• **DIRECTIONS FOR THIS TASK**
From the listing below, extract every line in which the word "Wide" appears.

• **RECORDS**
>>>>>

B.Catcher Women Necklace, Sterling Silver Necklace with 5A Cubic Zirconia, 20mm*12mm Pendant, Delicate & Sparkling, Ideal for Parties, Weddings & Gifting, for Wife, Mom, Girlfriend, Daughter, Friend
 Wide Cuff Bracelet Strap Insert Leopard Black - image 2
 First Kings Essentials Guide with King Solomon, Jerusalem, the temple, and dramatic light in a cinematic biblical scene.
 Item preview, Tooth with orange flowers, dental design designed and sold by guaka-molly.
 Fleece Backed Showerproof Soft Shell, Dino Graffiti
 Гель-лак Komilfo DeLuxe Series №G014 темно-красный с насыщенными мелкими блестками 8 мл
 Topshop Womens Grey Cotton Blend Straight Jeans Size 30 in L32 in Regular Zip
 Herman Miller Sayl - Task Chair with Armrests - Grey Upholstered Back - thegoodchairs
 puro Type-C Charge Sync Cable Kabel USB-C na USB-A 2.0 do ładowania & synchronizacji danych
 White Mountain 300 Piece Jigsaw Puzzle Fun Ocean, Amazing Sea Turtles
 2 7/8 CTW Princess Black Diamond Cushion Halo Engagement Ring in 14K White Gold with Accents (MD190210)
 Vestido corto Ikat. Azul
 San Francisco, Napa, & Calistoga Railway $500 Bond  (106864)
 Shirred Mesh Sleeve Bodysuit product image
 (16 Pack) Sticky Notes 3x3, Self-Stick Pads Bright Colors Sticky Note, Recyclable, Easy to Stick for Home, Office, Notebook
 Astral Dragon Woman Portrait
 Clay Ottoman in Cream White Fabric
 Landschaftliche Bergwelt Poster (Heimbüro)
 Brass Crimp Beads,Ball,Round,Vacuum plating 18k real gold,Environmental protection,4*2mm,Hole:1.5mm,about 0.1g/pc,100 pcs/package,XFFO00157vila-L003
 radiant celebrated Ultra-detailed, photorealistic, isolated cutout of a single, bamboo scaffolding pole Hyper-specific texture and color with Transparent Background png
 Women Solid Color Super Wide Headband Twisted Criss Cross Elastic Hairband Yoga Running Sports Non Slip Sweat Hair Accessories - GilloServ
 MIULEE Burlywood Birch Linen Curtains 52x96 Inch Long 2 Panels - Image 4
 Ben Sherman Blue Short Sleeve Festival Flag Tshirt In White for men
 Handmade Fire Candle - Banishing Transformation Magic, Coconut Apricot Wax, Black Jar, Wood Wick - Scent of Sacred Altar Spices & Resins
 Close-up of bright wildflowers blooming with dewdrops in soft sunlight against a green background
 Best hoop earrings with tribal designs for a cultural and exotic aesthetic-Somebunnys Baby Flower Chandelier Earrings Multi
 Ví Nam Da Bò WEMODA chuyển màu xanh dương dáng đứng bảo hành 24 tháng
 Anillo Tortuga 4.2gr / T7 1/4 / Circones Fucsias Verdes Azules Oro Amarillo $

<<<<<

• **RESULT OF THE TASK**
 Wide Cuff Bracelet Strap Insert Leopard Black - image 2
 Women Solid Color Super Wide Headband Twisted Criss Cross Elastic Hairband Yoga Running Sports Non Slip Sweat Hair Accessories - GilloServ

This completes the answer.